- _What you will do_
Without any images, write the listing below out word for word.

BEGIN Data

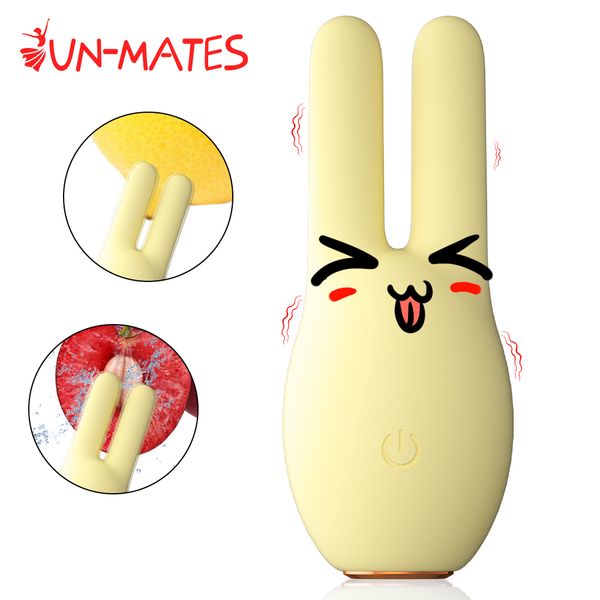 cute pet shaped mini vibrators vaginal g spot massager rechargeable vibrating clitoris stimulator toys for women masturbator
cute pet shaped mini vibrators vaginal g spot massager rechargeable vibrating clitoris stimulator toys for women masturbator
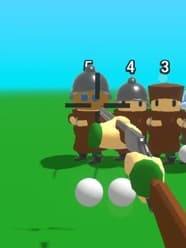 FPS test preview image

END Data

- _Expected answer_
 cute pet shaped mini vibrators vaginal g spot massager rechargeable vibrating clitoris stimulator toys for women masturbator
cute pet shaped mini vibrators vaginal g spot massager rechargeable vibrating clitoris stimulator toys for women masturbator
 FPS test preview image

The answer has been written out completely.